A seguito di meticolose indagini, decine di catanesi, in gran parte giovani o giovanissimi, vengono prima incarcerati, poi mandati al confino alle Tremiti fino allo scoppio della guerra, in due casermoni sull’isola di San Domino. Tornati a Catania, cercheranno di dimenticare e far dimenticare ciò che hanno vissuto. Pochissimi di loro, a distanza di decenni, hanno accettato di raccontarlo.
A partire da queste testimonianze e da fonti d’archivio, Goretti e Giartosio ricostruiscono un mondo che sembrava scomparso nel nulla. Gli appuntamenti sulla spiaggia di notte, le sale da ballo per soli uomini, le complicità, le rivalità, i travestimenti, gli espedienti, la paura, l’amore. E poi, dopo l’arresto, gli stratagemmi messi in atto dalle famiglie, le situazioni paradossali della vita al confino, i tentativi quasi sempre vani di rivendicare la propria innocenza e guadagnarsi la libertà.
Il tutto nel contesto di un’Italia provinciale, tenera ma più spesso spietata, in cui l’omosessuale è schernito di giorno e cercato di notte da uomini che non si ritengono omosessuali. Un’Italia stregata dal fascismo, che all’indomani delle leggi razziali è deciso a reprimere qualsiasi minaccia all’«integrità della stirpe», e che colpirà, con il tacito consenso dei più, centinaia di «invertiti».
Indagine antropologica, riflessione sull’identità, appello alla memoria civile di un paese che facilmente dimentica, questo libro è prima di tutto una storia. La storia di un gruppo di ragazzi del Sud, vissuti in un’Italia diversa (ma non troppo) dalla nostra e puniti perché erano innocenti.
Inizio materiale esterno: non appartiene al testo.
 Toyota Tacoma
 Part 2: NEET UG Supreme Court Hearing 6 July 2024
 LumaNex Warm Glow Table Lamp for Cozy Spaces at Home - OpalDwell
La città e l’isola è un bellissimo libro su una pagina poco raccontata della nostra storia: la condanna al confino di centinaia di omosessuali durante il fascismo, una violenza a lungo sottaciuta perché – inutile che ve lo dica – la liberazione per chi apparteneva alla comunità LGBTQIA+ è ancora in corso e nell’immediato dopoguerra non era proprio la priorità di questo Paese.
La strategia utilizzata per togliere di mezzo persone che si ritenevano un’offesa all’ideale machista fascista fu quella di renderle invisibili, a partire dall’eliminazione della legge che criminalizzava l’omosessualità: nell’Italia tutta Dio, Patria e Famiglia non potevano esistere maschi contaminati dalla femminilità. La città e l’isola è molto preciso nel delineare il collegamento tra omofobia e misoginia e quanto le vite di alcuni omosessuali mettessero in crisi il dualismo maschio-attivo/femmina-passivo.
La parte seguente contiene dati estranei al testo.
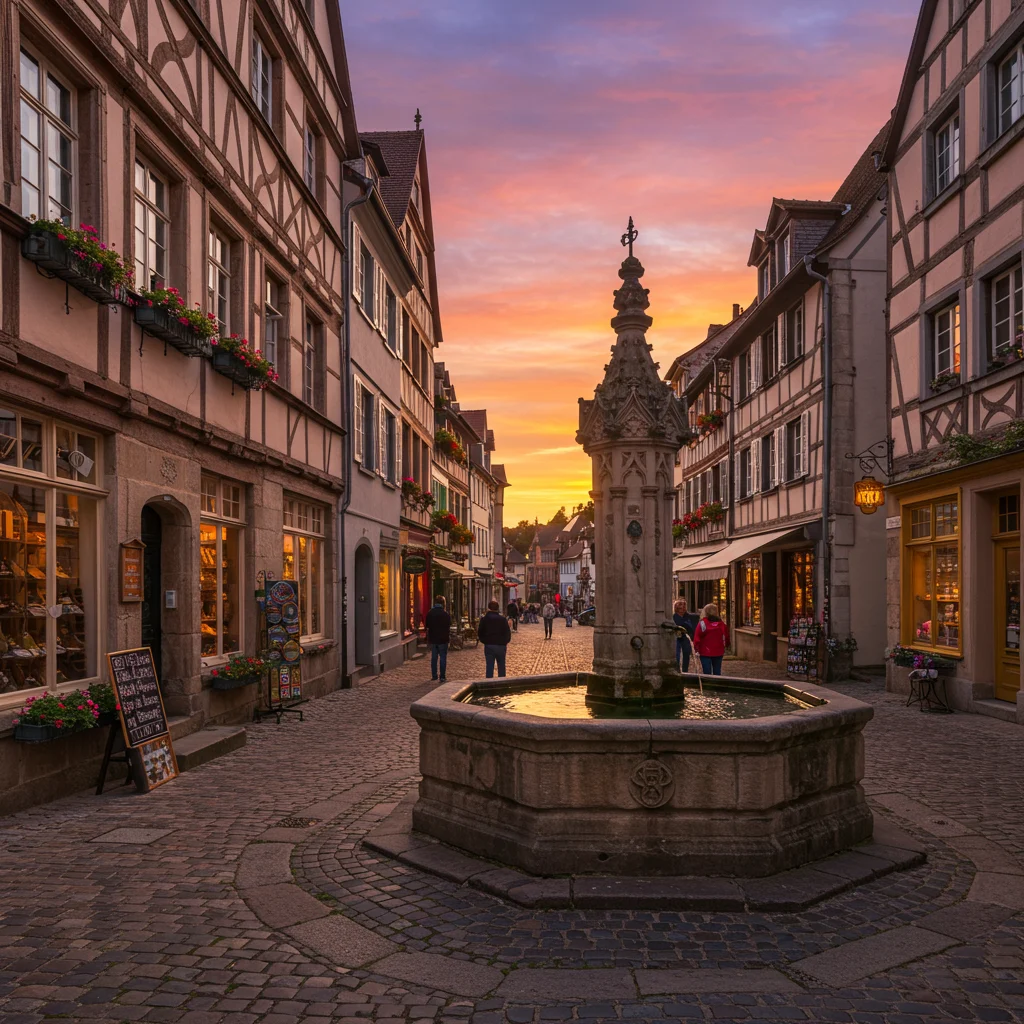 Historic Towns and Hidden Gems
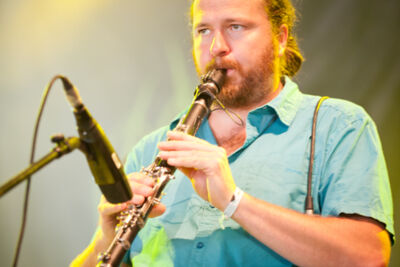 Jaune Toujours Dranouter 2013, picture 22, photographed by Devid Camerlynck - FrontView Magazine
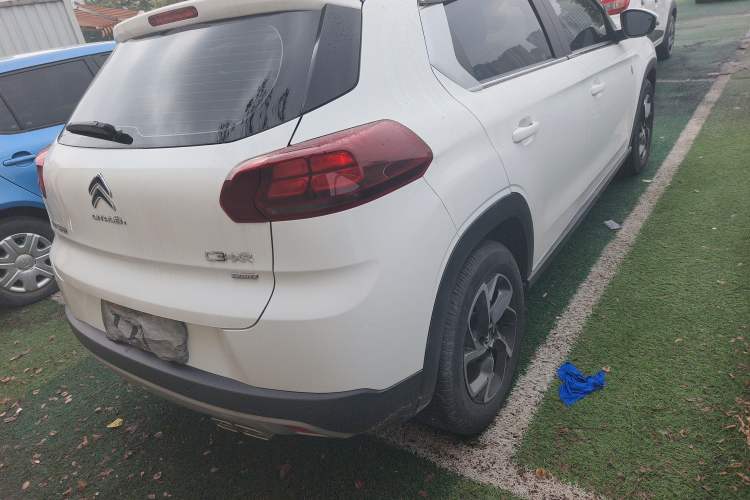 Used Citroen C3-XR 2020 230THP DCT C-Series Trendy Edition Exterior 3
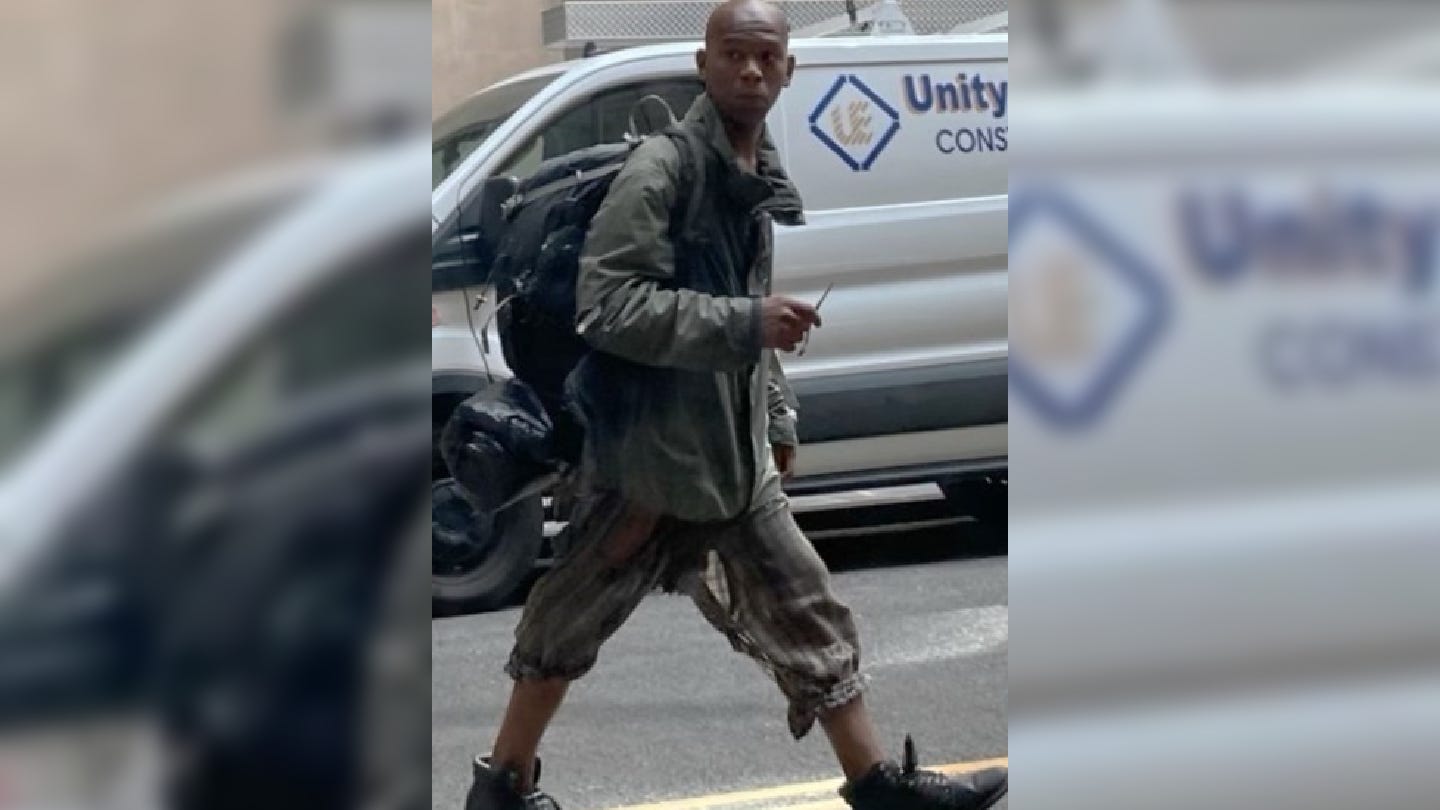 US postal worker sucker-punched in Midtown, suspect sought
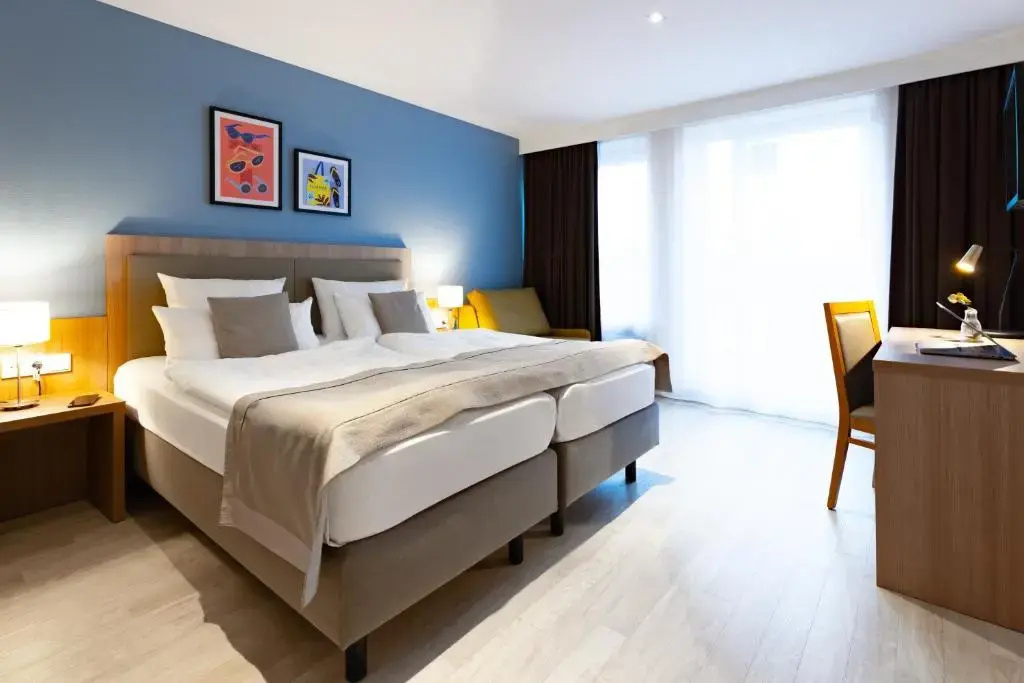 Photo - Garner Hotel Dusseldorf - Main Station by IHG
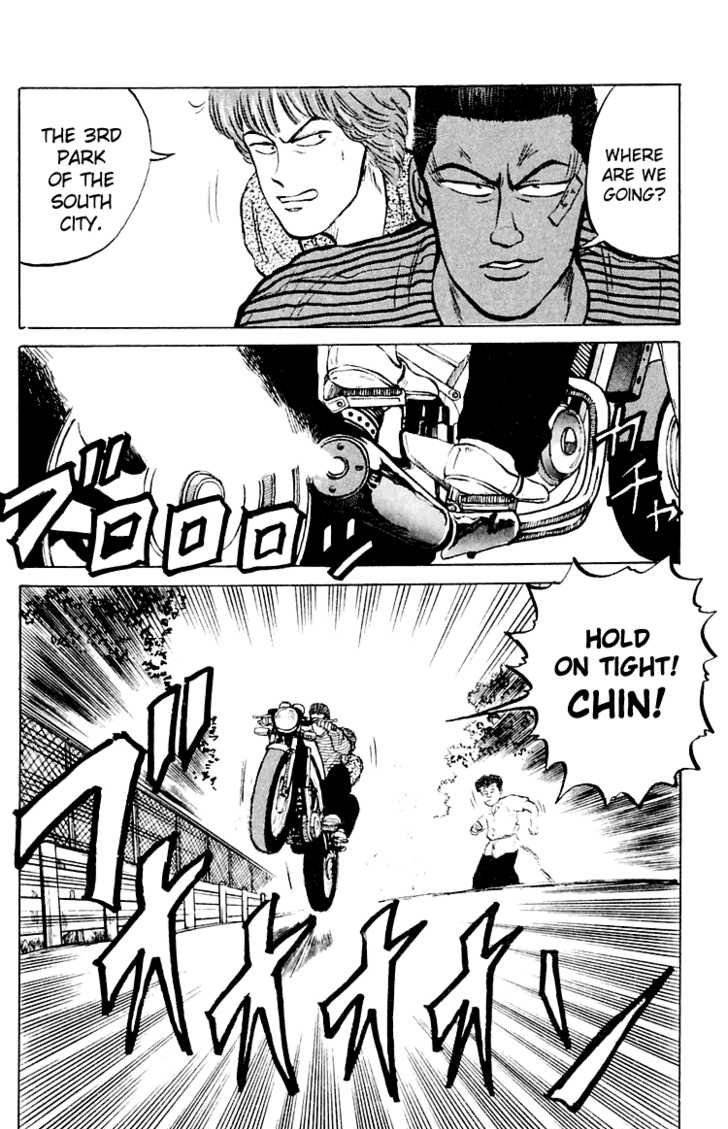 Read Crows Manga Online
Infatti, siamo ancora in un mondo dove la contrapposizione non è tanto tra eterosessualità e omosessualità, ma tra attivi e passivi: pensate allo sgomento di fronte a un maschio che è anche passivo. Inaudito! Così inaudito che è una stranezza anche per molti omosessuali, perché anche loro sono nati e cresciuti in un mondo di rigide distinzioni (tanto che trovano un’assurdità le conquiste dei movimenti LGBTQIA+).
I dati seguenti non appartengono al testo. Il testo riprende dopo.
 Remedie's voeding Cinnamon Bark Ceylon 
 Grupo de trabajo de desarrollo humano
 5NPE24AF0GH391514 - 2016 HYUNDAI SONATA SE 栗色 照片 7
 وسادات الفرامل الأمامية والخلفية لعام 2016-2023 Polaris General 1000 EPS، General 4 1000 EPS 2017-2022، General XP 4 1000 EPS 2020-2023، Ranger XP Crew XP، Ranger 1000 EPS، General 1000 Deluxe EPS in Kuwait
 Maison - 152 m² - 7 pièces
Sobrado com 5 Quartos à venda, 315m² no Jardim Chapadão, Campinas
La città e l’isola si concentra soprattutto sugli avvenimenti nella città di Catania, sui quali, grazie all’infelice solerzia del questore Alfonso Molina, abbiamo molte informazioni, che permettono sia di conoscere le storie dei confinati, sia di ricostruire la loro vita nella città siciliana. Spero che lo leggerete in tantu perché oggi più che mai è necessario tenere viva la memoria di tutti i crimini del fascismo.